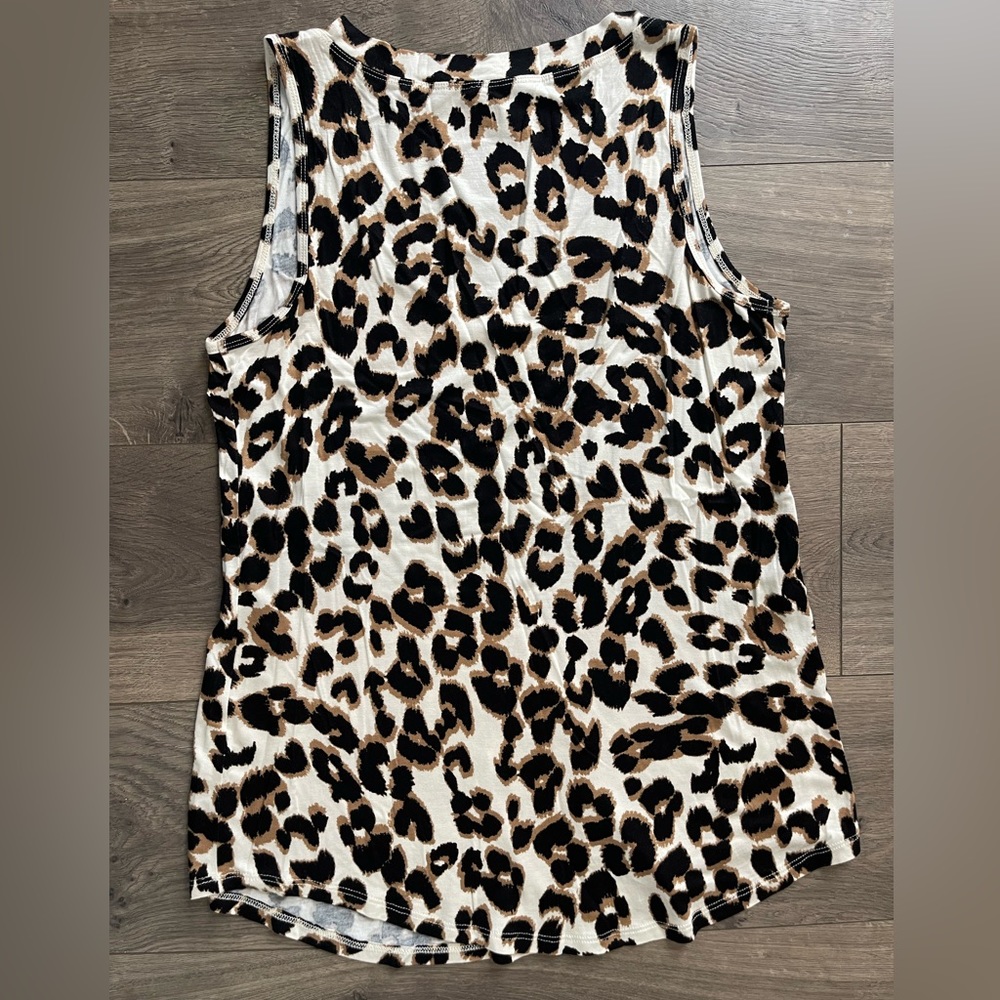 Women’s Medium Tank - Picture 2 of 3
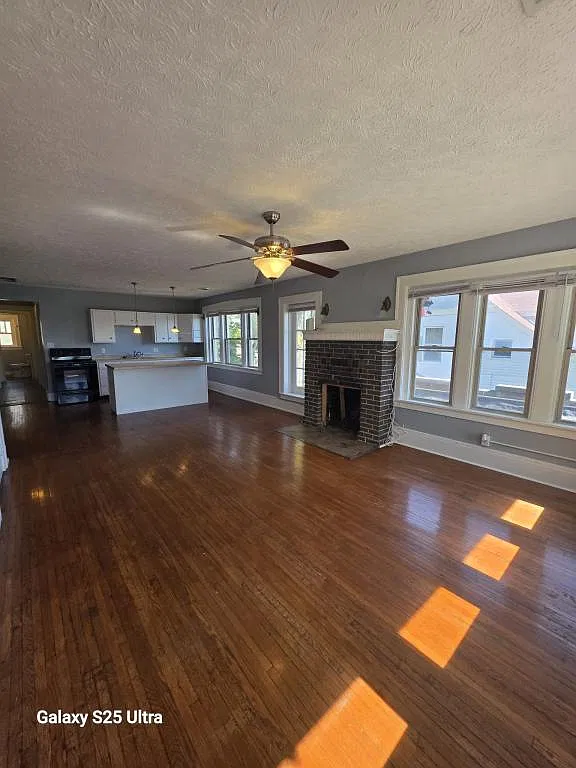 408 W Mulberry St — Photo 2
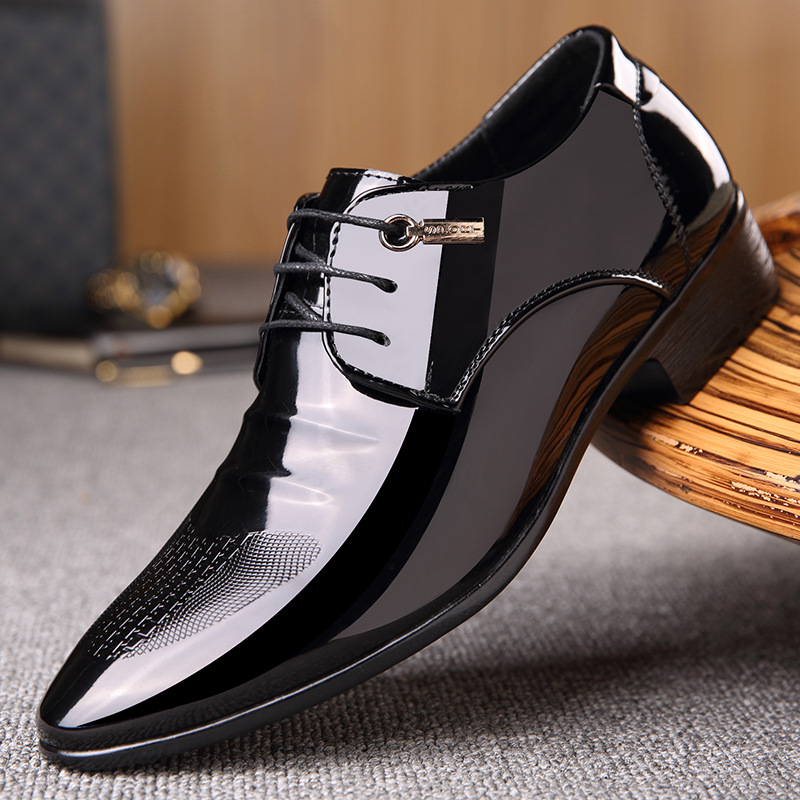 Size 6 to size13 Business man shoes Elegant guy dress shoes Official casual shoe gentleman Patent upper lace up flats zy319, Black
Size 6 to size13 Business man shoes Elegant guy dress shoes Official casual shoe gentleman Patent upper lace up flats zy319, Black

^^^^^^^^^^^^^^^^

Copy each line of the listing exactly, skipping any picture.

## WRITTEN REPLY
 Women’s Medium Tank - Picture 2 of 3
 408 W Mulberry St — Photo 2
 Size 6 to size13 Business man shoes Elegant guy dress shoes Official casual shoe gentleman Patent upper lace up flats zy319, Black
Size 6 to size13 Business man shoes Elegant guy dress shoes Official casual shoe gentleman Patent upper lace up flats zy319, Black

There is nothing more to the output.